Nichtanerkennung der im Ausland begründeten rechtlichen Vaterschaft während 8 Jahren verstösst gegen Art. 8 EMRK

EUROPA: KINDESVERHÄLTNIS DURCH LEIHMUTTERSCHAFT

Europäischer Gerichtshof für Menschenrechte, Urteil vom 22. November 2022, D.B. und andere gg. die Schweiz (Beschwerde Nr. 58817/15 und 5825/15).

Der Fall betrifft ein gleichgeschlechtliches Paar aus der Schweiz, das in einer eingetragenen Partnerschaft lebt(e) und in den USA einen Leihmutterschaftsvertrag abgeschlossen hatte, aus dem im Jahre 2011 der dritte Beschwerdeführer geboren worden ist. Die drei Beschwerdeführenden beklagten vor dem EGMR namentlich die Weigerung der Schweizer Behörden (und zuletzt des Bundesgerichts im Mai 2015, BGE 141 III 312), das von einem US-Gericht festgestellte Kindesverhältnis zwischen dem intentionalen sozialen Vater und dem durch Leihmutterschaft geborenen Kind (dritter Beschwerdeführer) anzuerkennen. – Das Kindesverhältnis mit dem genetisch verwandten Vater wurde dagegen anerkannt. Der EGMR stellt mit sechs Stimmen zu einer fest, dass Art. 8 EMRK aus Sicht des Kindes verletzt worden ist, denn die Begründung des Abstammungsverhältnisse zwischen diesem und dem intentionalen sozialen Vater war im Resultat rechtlich während 8 Jahren (von Geburt bis Adoptionsentscheid) nicht möglich. Dies widerspricht / widersprach der Meinung des EGMR, ausformuliert in seiner Advisory Opinion 2019 zur Anerkennung ausländischer Abstammungsverhältnisse begründet durch eine rechtmässige Leihmutterschaft im Ausland, dass unabhängig von den in Europa national geltenden Regelungsansätzen zur Leihmutterschaft (im Sach- und/oder im Kollisionsrecht) in Europa, jedes Kind die Möglichkeit haben muss das Abstammungsverhältnis zum rechtlich nicht anerkannten Elternteil, hier zum intentionalen sozialen Vater, rechtlich formalisieren zu können. Das Schweizer Zivilgesetzbuch wurde inzwischen revidiert, und ermöglicht die sog. Stiefkindadoption des Kindes des Lebenspartners ab 1.1.2018, während die «Ehe für alle» im Juli 2022 eingeführt worden ist. Das betreffende Kind konnte damit vom intentionalen sozialen Vater per Dezember 2018 adoptiert werden.
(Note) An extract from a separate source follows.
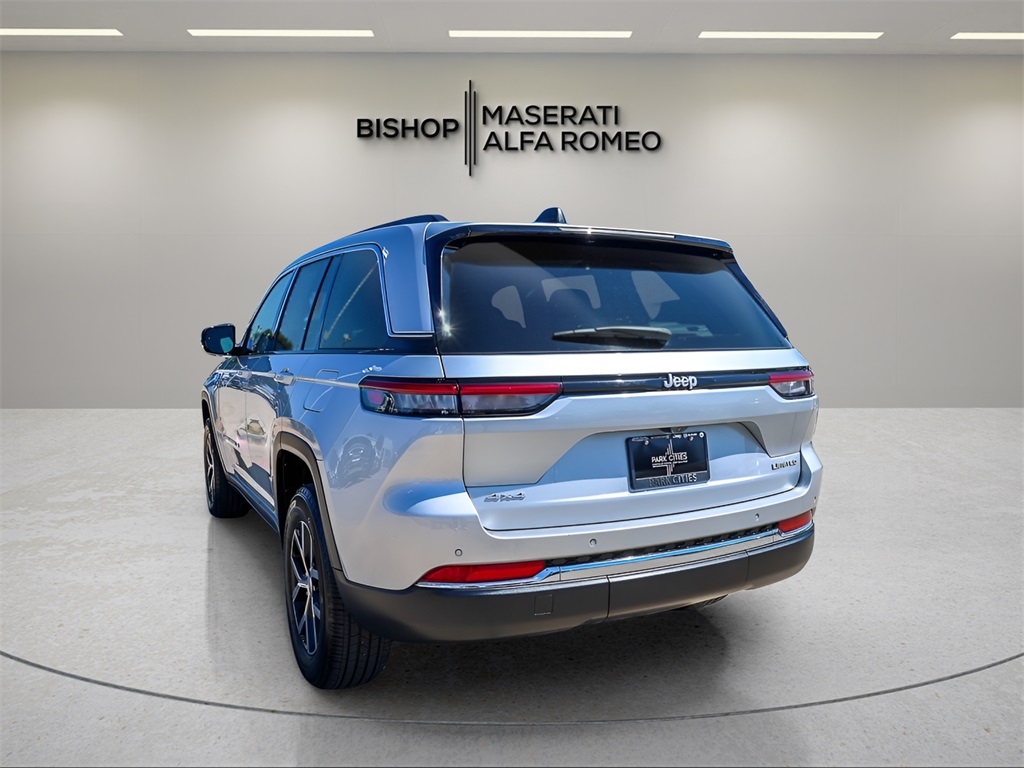 2024 Jeep Grand Cherokee Limited photo 4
Kommentar Sandra Hotz: Inhaltlich mag das Urteil für die Betroffenen wohl eine gewisse Genugtuung darstellen. Es wird dem Kind auch eine Genugtuungssumme zugesprochen. Rechtlich bringt uns dieses Urteil aber leider nicht weiter. Es bleibt inhaltlich beim bekannten Kindesschutz gemäss Advisory Opinion 2019: Entweder das im Ausland begründete Kindesverhältnis wird direkt anerkannt oder aber es stehen andere Rechtswege wie die Adoption zur Verfügung, sodass ein Kindsverhältnis rechtlich in absehbarer Zeit begründet werden kann. Fehlen also beispielsweise die Adoptionsvoraussetzungen nach Art. 264c ZGB, so bleibt auch den Schweizerischen Zivilstand­behörden nichts anderes übrig, als das Kindsverhältnis rechtlich zu anerkennen. Schliesslich fällt auf, dass das erste Urteil des EGMR zur Schweizer Praxis der Kindsanerkennung in Leihmutterschaftsverhältnissen erst 8 Jahre nach dem Bundesgerichtsentscheid ergangen ist. Warum wohl? Um das Inkrafttreten der «Ehe für alle» im Juli 2022 abzuwarten?